# Work instruction:
After locating the line containing "IPEB Tragetasche, PS5" in the entries below, please write out that line and the rest through the end exactly. Omit pictures.

┌────────

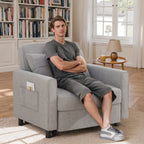 Canapé-lit convertible 3 en 1, fauteuil-lit, canapé lounge rembourré, pliable et réglable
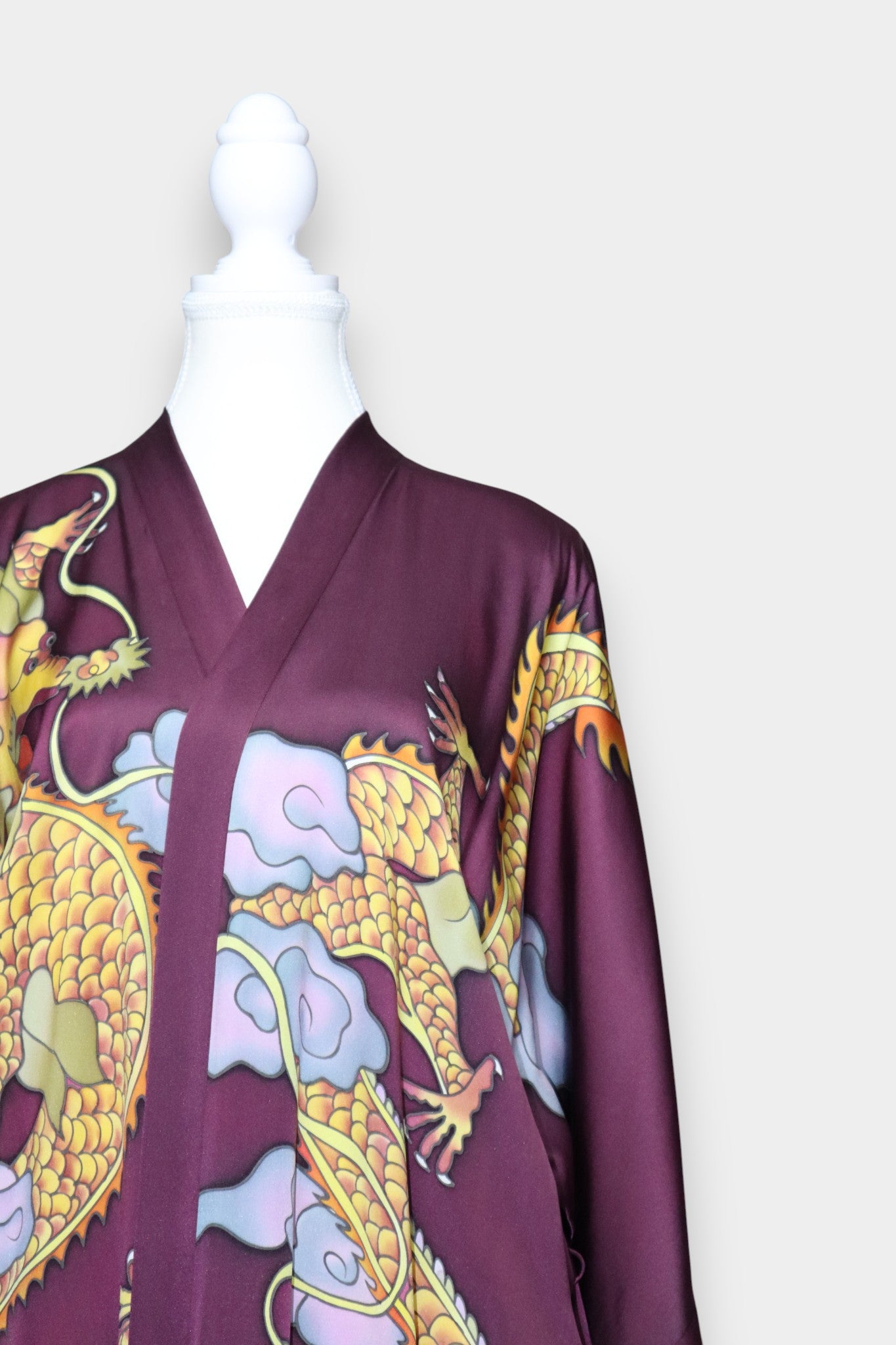 Mulberry Silk Dragon Print Long Robe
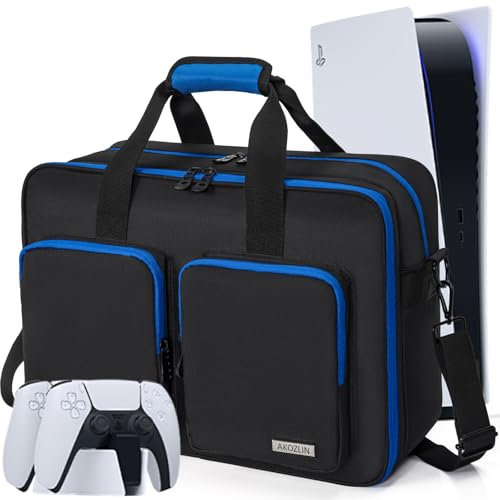 IPEB Tragetasche, PS5 Reisetasche, PS5 Konsolentasche, Kompatibel mit Playstation 5 Monitor, PS5 Slim Body, Headset, Konsole, Ladegerät und Zubehör (Schwarz Blau)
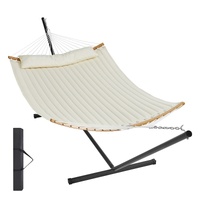 Two Person Hammock with Stand Included, Double Hammock with Curved Spreader Bar and Detachable Pillow and Portable Carrying Bag, Perfect for Outdoor F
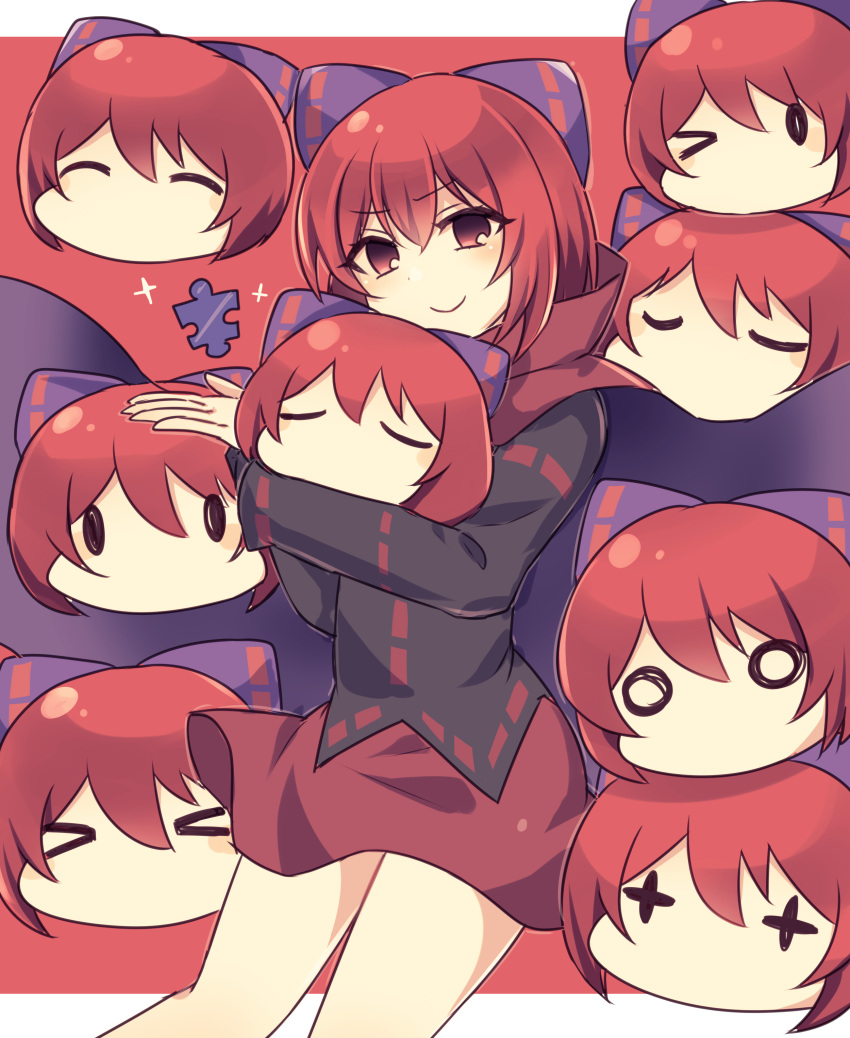 >_<, >_o, +_+, 1girl, ^_^, absurdres, bangs, black_shirt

└────────

# Answer space:
 IPEB Tragetasche, PS5 Reisetasche, PS5 Konsolentasche, Kompatibel mit Playstation 5 Monitor, PS5 Slim Body, Headset, Konsole, Ladegerät und Zubehör (Schwarz Blau)
 Two Person Hammock with Stand Included, Double Hammock with Curved Spreader Bar and Detachable Pillow and Portable Carrying Bag, Perfect for Outdoor F
 >_<, >_o, +_+, 1girl, ^_^, absurdres, bangs, black_shirt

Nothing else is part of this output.